▶ Stored data:
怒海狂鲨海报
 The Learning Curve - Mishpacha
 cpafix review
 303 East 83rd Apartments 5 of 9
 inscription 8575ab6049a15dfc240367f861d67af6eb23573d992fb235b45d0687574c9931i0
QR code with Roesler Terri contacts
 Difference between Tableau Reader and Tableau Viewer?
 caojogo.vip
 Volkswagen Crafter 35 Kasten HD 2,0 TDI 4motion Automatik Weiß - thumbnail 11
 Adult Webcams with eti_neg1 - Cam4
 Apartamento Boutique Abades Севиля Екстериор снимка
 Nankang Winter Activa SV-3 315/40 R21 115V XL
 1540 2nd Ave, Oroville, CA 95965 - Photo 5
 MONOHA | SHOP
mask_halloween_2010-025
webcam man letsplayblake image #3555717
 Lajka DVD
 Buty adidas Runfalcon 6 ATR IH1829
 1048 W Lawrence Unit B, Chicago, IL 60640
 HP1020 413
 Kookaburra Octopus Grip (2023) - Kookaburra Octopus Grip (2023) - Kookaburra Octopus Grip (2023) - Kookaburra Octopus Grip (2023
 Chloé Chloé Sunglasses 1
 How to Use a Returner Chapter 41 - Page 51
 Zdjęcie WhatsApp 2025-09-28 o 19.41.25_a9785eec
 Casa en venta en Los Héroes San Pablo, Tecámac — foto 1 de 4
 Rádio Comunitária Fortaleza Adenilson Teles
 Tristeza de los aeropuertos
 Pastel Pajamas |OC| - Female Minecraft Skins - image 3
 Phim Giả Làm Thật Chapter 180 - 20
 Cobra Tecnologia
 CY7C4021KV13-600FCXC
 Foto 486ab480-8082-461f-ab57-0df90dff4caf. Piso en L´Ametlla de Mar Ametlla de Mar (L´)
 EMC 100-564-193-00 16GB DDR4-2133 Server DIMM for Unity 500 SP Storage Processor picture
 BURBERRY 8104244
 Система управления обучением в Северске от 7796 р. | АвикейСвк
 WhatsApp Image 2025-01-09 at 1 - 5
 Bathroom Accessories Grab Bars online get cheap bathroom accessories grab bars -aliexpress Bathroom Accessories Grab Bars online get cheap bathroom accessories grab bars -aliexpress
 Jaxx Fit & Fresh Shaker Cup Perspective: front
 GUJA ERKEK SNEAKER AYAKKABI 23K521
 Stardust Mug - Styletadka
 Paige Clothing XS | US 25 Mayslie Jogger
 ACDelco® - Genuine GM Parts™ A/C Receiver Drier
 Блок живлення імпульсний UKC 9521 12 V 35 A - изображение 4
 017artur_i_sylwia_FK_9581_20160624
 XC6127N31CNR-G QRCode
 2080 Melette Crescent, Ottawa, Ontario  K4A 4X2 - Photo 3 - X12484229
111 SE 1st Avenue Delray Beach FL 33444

▶ Prompt: Given the records above, restate word for word only the lines starting at the one with "Chloé Chloé Sunglasses 1" and ending at the one with "CY7C4021KV13-600FCXC".

▶ Exercise output:
 Chloé Chloé Sunglasses 1
 How to Use a Returner Chapter 41 - Page 51
 Zdjęcie WhatsApp 2025-09-28 o 19.41.25_a9785eec
 Casa en venta en Los Héroes San Pablo, Tecámac — foto 1 de 4
 Rádio Comunitária Fortaleza Adenilson Teles
 Tristeza de los aeropuertos
 Pastel Pajamas |OC| - Female Minecraft Skins - image 3
 Phim Giả Làm Thật Chapter 180 - 20
 Cobra Tecnologia
 CY7C4021KV13-600FCXC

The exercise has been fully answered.